Negli hotspot la polizia italiana insieme ai funzionari delle agenzie europee Frontex ed Eurojust provvedà all'identificazione delle persone e alla raccolta delle domande di protezione. Quelli che si opporranno, dovrebbero venire trasferiti nei centri di espulsione per valutarne il rimpatrio. E in Sicilia, terminale delle rotte dall'Africa, oltre a quello di Lampedusa stanno per essere istituiti “punti caldi” pure a Porto Empedocle, Pozzallo e Trapani. L'obiettivo principale di questa operazione è limitare la libertà di movimento di chi chiede asilo, obbligandolo a restare il più a lungo possibile in Italia. E selezionare rapidamente chi non ha diritto alla status di rifugiato in modo da avviare le espulsioni.

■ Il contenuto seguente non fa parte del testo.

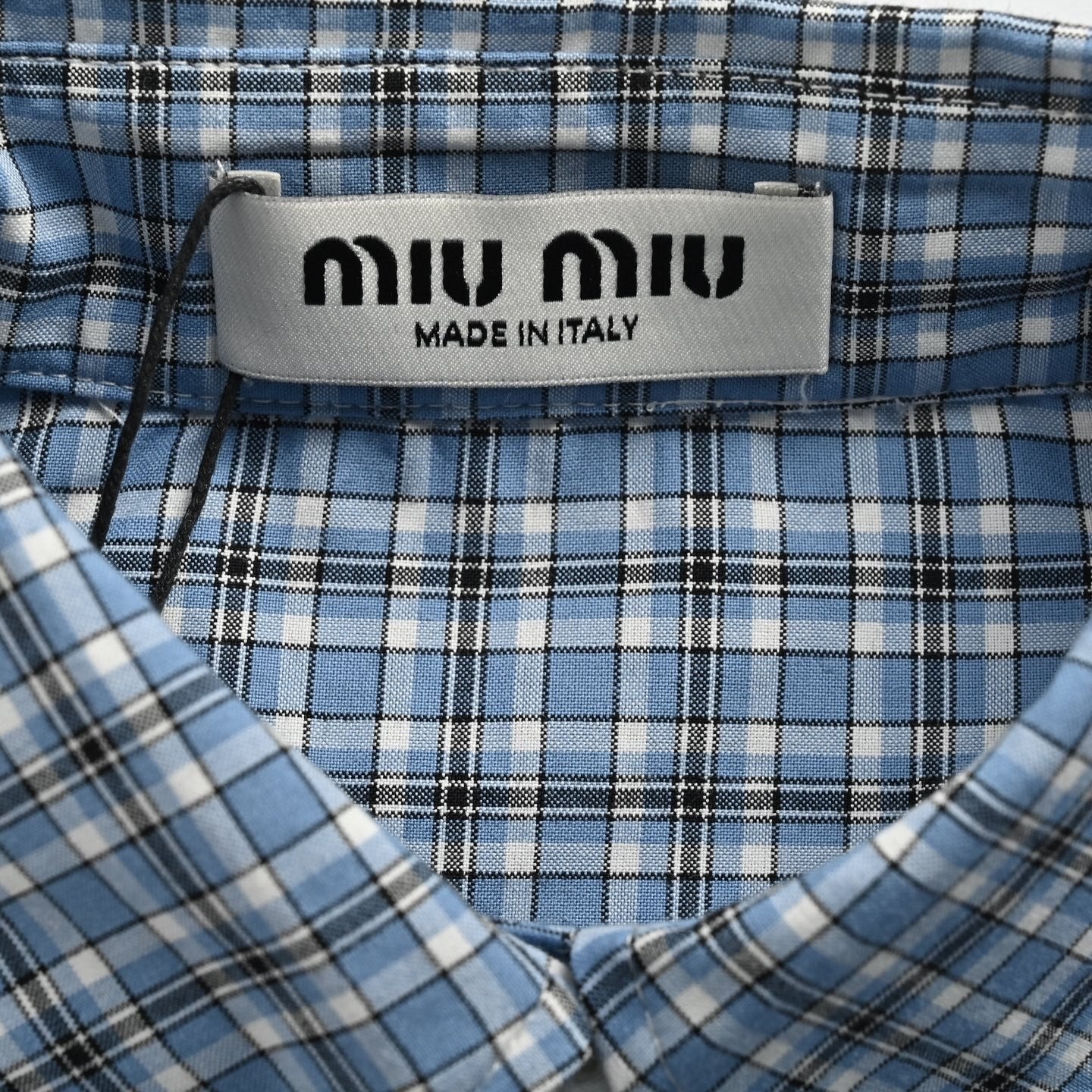 Embroidered Small Check Plaid Shirt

Un meccanismo che Giusi Nicolini ritiene ipocrita: «L’Europa appena ha capito che doveva necessariamente accogliere dei migranti, ha deciso di aiutare soltanto i rifugiati politici. Una fortuna per siriani ed eritrei, a differenza dei cosiddetti “migranti economici” ossia quelli che scappano dalla povertà. Ma per me non fa differenza se uno muore per la guerra o uno muore per la fame; per l’Europa sì».
«L’aiuto andrebbe dato a tutti», prosegue il primo cittadino di Lampedusa: «I richiedenti asilo sono coperti dal diritto internazionale sulla tutela dei diritti umani e invece i migranti economici devono sottostare alle nostri leggi. Come la Bossi-Fini che impone ai migranti un contratto di lavoro prima di entrare in Italia: una legge che favorisce la clandestinità, il sistema del caporalato e il lavoro in nero».
Il sindaco è preoccupata per la prospettiva dei rimpatri di massa: «La procedura sarà complessa e in molti casi non credo sia possibile riportare le persone nella loro patria: i rimpatri non possono essere fatti collettivamente e prevedono l’accordo con il paese d’origine. I numeri saranno consistenti e i tempi lunghi. Tutto questo andrà soltanto ad ingrassare in nostri Cie con la conseguente detenzione o la clandestinità per queste persone».
Infine la Nicolini manda un messaggio all’Europa: «Serve una linea chiara, perché ci sono troppi segnali contrastanti. Quando vediamo la foto del bambino morto sulla spiaggia ci commuoviamo o manifestiamo solidarietà perché non possiamo manifestare cinismo e strafottenza. Ma se poi non apriamo i canali umanitari che evitino ai profughi i rischi della traversata e i soprusi degli scafisti, se in Ungheria alzano muri e caricano con i manganelli pure i bambini, se si chiudono le frontiere interne abolendo Schengen e non si modifica il trattato di Dublino, allora diventa tutto inutile».